La seconde phase archéologique de la Mission Yaçodharâçrama porte sur les monastères établis en province. En effet, ces monastères constituent l’une des plus importantes fondations royales répétitives de la période angkorienne et il est donc nécessaire de les étudier dans leur ensemble. Grâce à l’identification des traits caractéristiques des âçrama d’Angkor, nous disposons à présent d’informations précises pour identifier les âçrama de province et déterminer leur extension, leur rôle politique et religieux ainsi que leur durée d’occupation. Il s’agira donc d’essayer d’en identifier le plus grand nombre possible, ce qui nous permettra de disposer d’une carte religieuse et politique du territoire contrôlé par l’empire angkorien à la fin du IXe siècle. En 2020, nous avons entrepris l’étude du Prasat Khna, dans la province de Preah Vihear suite à de fructueuses prospections réalisées en 2019. La première campagne de fouille a déjà permis d’identifier une stèle manifestement réemployée dont la morphologie particulière permet de supposer qu’il s’agit bien d’une inscription de fondation d’âçrama. En outre, un édicule situé à proximité du bâtiment long équivalent à ceux d’Angkor a été mis au jour et il a pu être prouvé qu’il était bien destiné à accueillir cette stèle.
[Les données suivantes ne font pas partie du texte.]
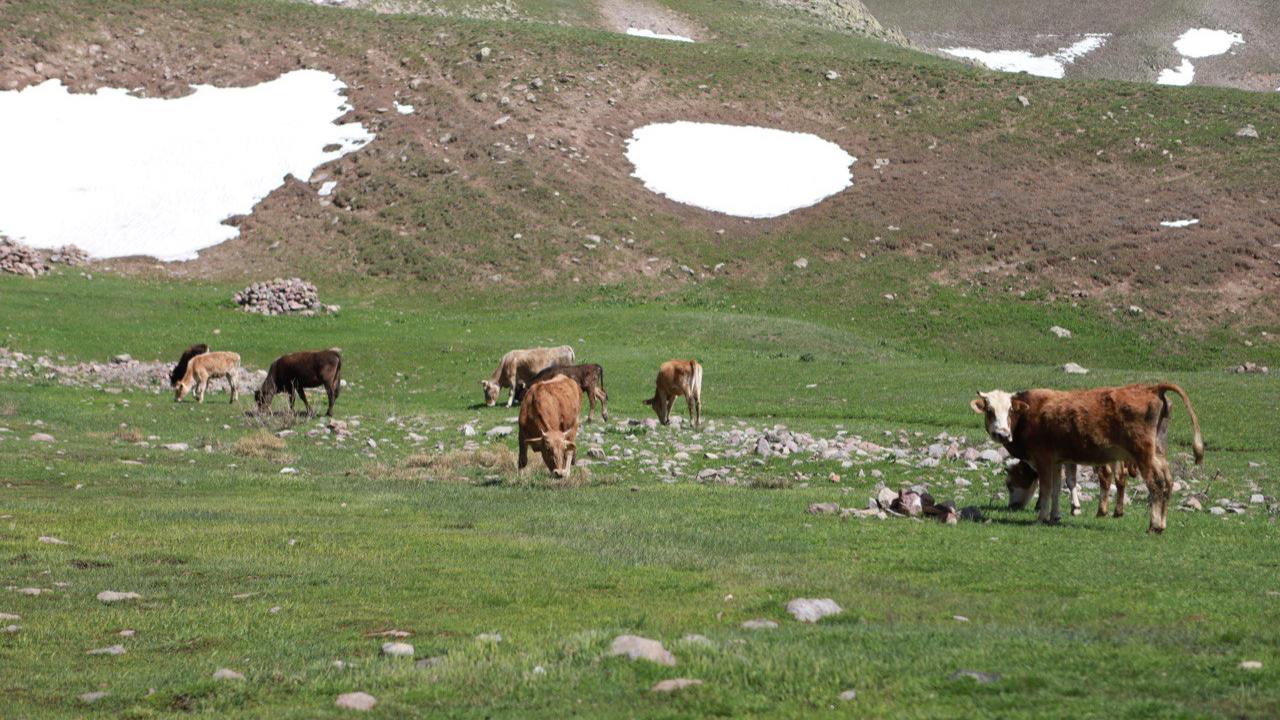 Ağrı’da besiciler hayvanlarını doğayla buluşturdu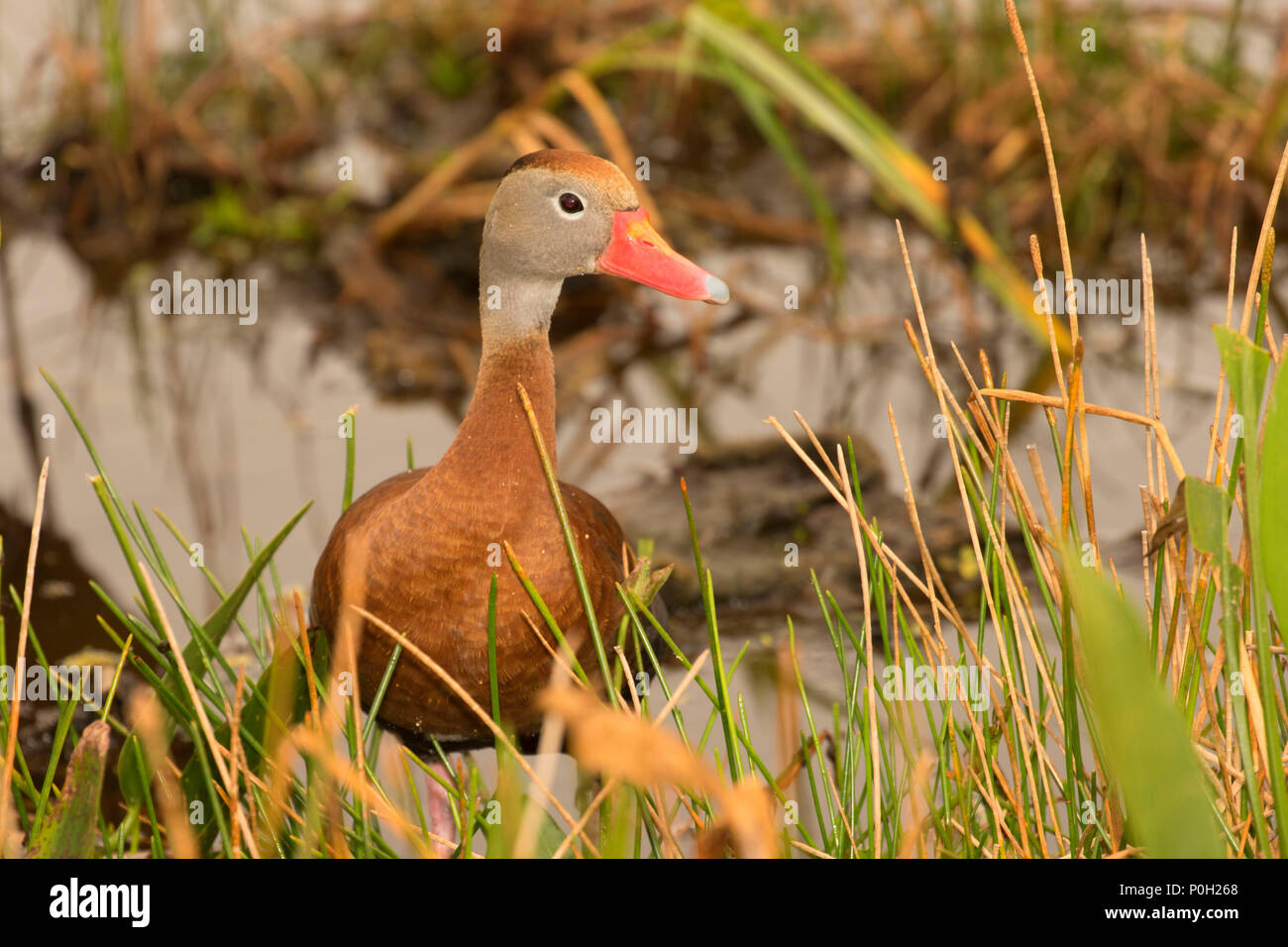 Schwarz-bellied pfeifen - duck (Dendrocygna autumnalis), Green Cay Nature Center, Boynton Beach, Florida Stockfoto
Enfin, le prasat Khna présente l’intérêt de comporter un autre bâtiment dans lequel nous proposons de reconnaître un Virâçrama, autre fondation royale répétitive datant cette fois du XIe siècle.

Un second monastère potentiel de la province de Preah Vihear, le Prasat Trapeang Thnal, est en cours de déminage et sera étudié en mars 2024, et une seconde fouille, en décembre, sera l’occasion d’étendre nos recherches au Sud du Laos avec l’étude d’un monastère offert au célèbre temple de Vat Phu, dans la province de Champassak.